Le Maldive sono senza dubbio un paradiso turistico, ma in alcune aree dell’arcipelago è complicato disporre di acqua pulita e soprattutto potabile.

Per questo motivo un gruppo di ricercatori dell’Università di Milano-Bicocca ha dato vita a un progetto che, entro marzo 2017, installerà un dissalatore a Magoodhoo, sull’atollo di Faafu.

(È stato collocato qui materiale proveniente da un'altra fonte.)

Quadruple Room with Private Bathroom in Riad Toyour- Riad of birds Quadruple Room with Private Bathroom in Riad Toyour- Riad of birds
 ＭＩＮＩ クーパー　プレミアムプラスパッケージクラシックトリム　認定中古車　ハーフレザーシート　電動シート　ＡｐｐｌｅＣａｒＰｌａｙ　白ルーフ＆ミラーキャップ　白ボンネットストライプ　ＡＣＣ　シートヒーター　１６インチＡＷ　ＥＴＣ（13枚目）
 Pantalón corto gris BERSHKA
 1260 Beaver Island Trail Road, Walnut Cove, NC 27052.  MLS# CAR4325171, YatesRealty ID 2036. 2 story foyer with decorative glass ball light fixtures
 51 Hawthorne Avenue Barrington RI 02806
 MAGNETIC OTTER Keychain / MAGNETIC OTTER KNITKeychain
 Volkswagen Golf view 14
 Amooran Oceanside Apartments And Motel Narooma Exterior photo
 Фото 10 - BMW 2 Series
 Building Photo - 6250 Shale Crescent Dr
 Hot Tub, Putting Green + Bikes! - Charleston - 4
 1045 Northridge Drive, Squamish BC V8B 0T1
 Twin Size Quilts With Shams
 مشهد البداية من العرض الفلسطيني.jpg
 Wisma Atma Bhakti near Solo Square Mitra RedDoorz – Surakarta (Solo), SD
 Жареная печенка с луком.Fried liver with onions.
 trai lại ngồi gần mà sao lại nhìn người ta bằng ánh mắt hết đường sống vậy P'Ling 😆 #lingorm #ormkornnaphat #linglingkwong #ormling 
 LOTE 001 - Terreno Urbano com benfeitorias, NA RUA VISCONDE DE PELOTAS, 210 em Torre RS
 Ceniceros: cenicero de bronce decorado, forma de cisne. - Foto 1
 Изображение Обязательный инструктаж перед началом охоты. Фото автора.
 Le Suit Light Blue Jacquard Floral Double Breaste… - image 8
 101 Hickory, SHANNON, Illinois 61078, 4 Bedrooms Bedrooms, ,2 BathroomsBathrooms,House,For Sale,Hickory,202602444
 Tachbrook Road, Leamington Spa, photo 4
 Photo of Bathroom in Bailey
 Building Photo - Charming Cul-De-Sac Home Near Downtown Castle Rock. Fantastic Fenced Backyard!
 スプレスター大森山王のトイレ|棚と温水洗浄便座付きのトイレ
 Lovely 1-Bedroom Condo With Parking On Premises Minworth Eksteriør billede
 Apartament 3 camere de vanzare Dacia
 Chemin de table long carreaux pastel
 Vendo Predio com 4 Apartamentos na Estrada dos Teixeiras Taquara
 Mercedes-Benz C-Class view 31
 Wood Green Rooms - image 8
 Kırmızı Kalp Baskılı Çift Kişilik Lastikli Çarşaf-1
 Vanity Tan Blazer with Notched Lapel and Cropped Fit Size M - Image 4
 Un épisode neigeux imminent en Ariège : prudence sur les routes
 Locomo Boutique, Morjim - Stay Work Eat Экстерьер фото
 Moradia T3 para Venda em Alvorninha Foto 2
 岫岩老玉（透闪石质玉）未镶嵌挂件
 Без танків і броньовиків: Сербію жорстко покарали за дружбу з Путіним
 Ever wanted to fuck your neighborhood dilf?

“Si tratta di una sorta di casa dell’acqua pubblica” che ricaverà risorse idriche purificando l’acqua di mare, spiega l’ateneo.

Il progetto di ricerca “consentirà di fornire acqua pulita agli abitanti dell’isola e al Marhe Center (il centro di ricerca e formazione dell’Università di Milano-Bicocca alle Maldive), il centro di ricerca universitario presente sull’isolotto”, osservano gli studiosi.

L’obiettivo principale è quello di “evitare che i maldiviani contraggano malattie legate alle acque contaminate”.

Una tecnologia tutta “verde” – L’impianto sarà alimentato da energia rinnovabile grazie a una serie di pannelli solari.

Tale sistema renderà Magoodhoo indipendente dalle altre isole per l’approvvigionamento idrico.